ACTIVITY:
Start at the first record below and retype through the last, exactly.

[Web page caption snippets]
○ ○ ○
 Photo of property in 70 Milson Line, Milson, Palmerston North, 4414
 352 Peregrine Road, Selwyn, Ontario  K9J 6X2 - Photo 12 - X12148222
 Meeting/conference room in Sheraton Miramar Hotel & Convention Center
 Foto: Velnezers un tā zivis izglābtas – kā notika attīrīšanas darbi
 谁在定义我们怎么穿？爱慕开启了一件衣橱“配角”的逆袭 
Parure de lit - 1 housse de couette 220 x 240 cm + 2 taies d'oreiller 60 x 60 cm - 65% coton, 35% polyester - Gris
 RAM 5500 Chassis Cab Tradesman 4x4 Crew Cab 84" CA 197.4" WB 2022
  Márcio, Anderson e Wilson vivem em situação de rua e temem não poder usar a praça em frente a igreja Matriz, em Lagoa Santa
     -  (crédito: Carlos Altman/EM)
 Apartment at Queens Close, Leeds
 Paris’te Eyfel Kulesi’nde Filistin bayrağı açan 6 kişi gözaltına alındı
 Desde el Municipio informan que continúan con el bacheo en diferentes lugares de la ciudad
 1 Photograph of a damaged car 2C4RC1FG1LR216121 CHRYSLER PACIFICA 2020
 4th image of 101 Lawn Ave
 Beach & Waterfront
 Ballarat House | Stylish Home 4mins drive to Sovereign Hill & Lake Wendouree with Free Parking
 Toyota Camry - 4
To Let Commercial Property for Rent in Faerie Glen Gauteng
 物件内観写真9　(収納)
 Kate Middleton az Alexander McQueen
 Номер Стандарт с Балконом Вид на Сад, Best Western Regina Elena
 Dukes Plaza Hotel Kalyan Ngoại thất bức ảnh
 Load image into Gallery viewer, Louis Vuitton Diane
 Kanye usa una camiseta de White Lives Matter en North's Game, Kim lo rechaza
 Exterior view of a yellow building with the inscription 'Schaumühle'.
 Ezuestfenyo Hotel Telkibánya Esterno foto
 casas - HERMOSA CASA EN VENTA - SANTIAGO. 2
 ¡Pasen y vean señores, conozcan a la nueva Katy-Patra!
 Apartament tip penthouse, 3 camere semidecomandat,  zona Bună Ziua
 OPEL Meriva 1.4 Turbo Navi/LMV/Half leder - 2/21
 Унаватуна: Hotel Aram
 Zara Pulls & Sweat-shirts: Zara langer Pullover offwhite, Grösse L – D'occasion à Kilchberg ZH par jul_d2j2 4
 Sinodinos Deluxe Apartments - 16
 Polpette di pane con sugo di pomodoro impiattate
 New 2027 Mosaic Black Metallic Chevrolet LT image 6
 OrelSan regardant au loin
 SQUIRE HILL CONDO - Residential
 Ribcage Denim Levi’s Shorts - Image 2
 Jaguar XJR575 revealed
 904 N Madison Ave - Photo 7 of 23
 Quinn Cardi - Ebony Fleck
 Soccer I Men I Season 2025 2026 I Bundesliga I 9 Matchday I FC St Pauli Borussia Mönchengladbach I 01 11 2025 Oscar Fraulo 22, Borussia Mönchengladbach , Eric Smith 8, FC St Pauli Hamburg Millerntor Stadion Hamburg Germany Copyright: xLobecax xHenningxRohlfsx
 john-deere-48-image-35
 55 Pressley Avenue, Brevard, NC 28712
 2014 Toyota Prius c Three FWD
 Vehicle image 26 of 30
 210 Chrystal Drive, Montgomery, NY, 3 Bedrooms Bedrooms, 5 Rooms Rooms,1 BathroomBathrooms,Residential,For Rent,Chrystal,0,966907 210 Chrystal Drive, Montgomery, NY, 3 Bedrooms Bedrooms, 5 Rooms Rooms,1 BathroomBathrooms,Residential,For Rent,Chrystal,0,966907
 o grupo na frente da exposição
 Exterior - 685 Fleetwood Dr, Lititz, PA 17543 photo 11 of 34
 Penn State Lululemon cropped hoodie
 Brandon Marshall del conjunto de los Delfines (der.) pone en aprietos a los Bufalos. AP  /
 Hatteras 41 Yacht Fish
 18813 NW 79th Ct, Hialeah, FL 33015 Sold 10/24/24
○ ○ ○
ANSWER BOX:
 Photo of property in 70 Milson Line, Milson, Palmerston North, 4414
 352 Peregrine Road, Selwyn, Ontario  K9J 6X2 - Photo 12 - X12148222
 Meeting/conference room in Sheraton Miramar Hotel & Convention Center
 Foto: Velnezers un tā zivis izglābtas – kā notika attīrīšanas darbi
 谁在定义我们怎么穿？爱慕开启了一件衣橱“配角”的逆袭 
Parure de lit - 1 housse de couette 220 x 240 cm + 2 taies d'oreiller 60 x 60 cm - 65% coton, 35% polyester - Gris
 RAM 5500 Chassis Cab Tradesman 4x4 Crew Cab 84" CA 197.4" WB 2022
  Márcio, Anderson e Wilson vivem em situação de rua e temem não poder usar a praça em frente a igreja Matriz, em Lagoa Santa
     -  (crédito: Carlos Altman/EM)
 Apartment at Queens Close, Leeds
 Paris’te Eyfel Kulesi’nde Filistin bayrağı açan 6 kişi gözaltına alındı
 Desde el Municipio informan que continúan con el bacheo en diferentes lugares de la ciudad
 1 Photograph of a damaged car 2C4RC1FG1LR216121 CHRYSLER PACIFICA 2020
 4th image of 101 Lawn Ave
 Beach & Waterfront
 Ballarat House | Stylish Home 4mins drive to Sovereign Hill & Lake Wendouree with Free Parking
 Toyota Camry - 4
To Let Commercial Property for Rent in Faerie Glen Gauteng
 物件内観写真9　(収納)
 Kate Middleton az Alexander McQueen
 Номер Стандарт с Балконом Вид на Сад, Best Western Regina Elena
 Dukes Plaza Hotel Kalyan Ngoại thất bức ảnh
 Load image into Gallery viewer, Louis Vuitton Diane
 Kanye usa una camiseta de White Lives Matter en North's Game, Kim lo rechaza
 Exterior view of a yellow building with the inscription 'Schaumühle'.
 Ezuestfenyo Hotel Telkibánya Esterno foto
 casas - HERMOSA CASA EN VENTA - SANTIAGO. 2
 ¡Pasen y vean señores, conozcan a la nueva Katy-Patra!
 Apartament tip penthouse, 3 camere semidecomandat,  zona Bună Ziua
 OPEL Meriva 1.4 Turbo Navi/LMV/Half leder - 2/21
 Унаватуна: Hotel Aram
 Zara Pulls & Sweat-shirts: Zara langer Pullover offwhite, Grösse L – D'occasion à Kilchberg ZH par jul_d2j2 4
 Sinodinos Deluxe Apartments - 16
 Polpette di pane con sugo di pomodoro impiattate
 New 2027 Mosaic Black Metallic Chevrolet LT image 6
 OrelSan regardant au loin
 SQUIRE HILL CONDO - Residential
 Ribcage Denim Levi’s Shorts - Image 2
 Jaguar XJR575 revealed
 904 N Madison Ave - Photo 7 of 23
 Quinn Cardi - Ebony Fleck
 Soccer I Men I Season 2025 2026 I Bundesliga I 9 Matchday I FC St Pauli Borussia Mönchengladbach I 01 11 2025 Oscar Fraulo 22, Borussia Mönchengladbach , Eric Smith 8, FC St Pauli Hamburg Millerntor Stadion Hamburg Germany Copyright: xLobecax xHenningxRohlfsx
 john-deere-48-image-35
 55 Pressley Avenue, Brevard, NC 28712
 2014 Toyota Prius c Three FWD
 Vehicle image 26 of 30
 210 Chrystal Drive, Montgomery, NY, 3 Bedrooms Bedrooms, 5 Rooms Rooms,1 BathroomBathrooms,Residential,For Rent,Chrystal,0,966907 210 Chrystal Drive, Montgomery, NY, 3 Bedrooms Bedrooms, 5 Rooms Rooms,1 BathroomBathrooms,Residential,For Rent,Chrystal,0,966907
 o grupo na frente da exposição
 Exterior - 685 Fleetwood Dr, Lititz, PA 17543 photo 11 of 34
 Penn State Lululemon cropped hoodie
 Brandon Marshall del conjunto de los Delfines (der.) pone en aprietos a los Bufalos. AP  /
 Hatteras 41 Yacht Fish
 18813 NW 79th Ct, Hialeah, FL 33015 Sold 10/24/24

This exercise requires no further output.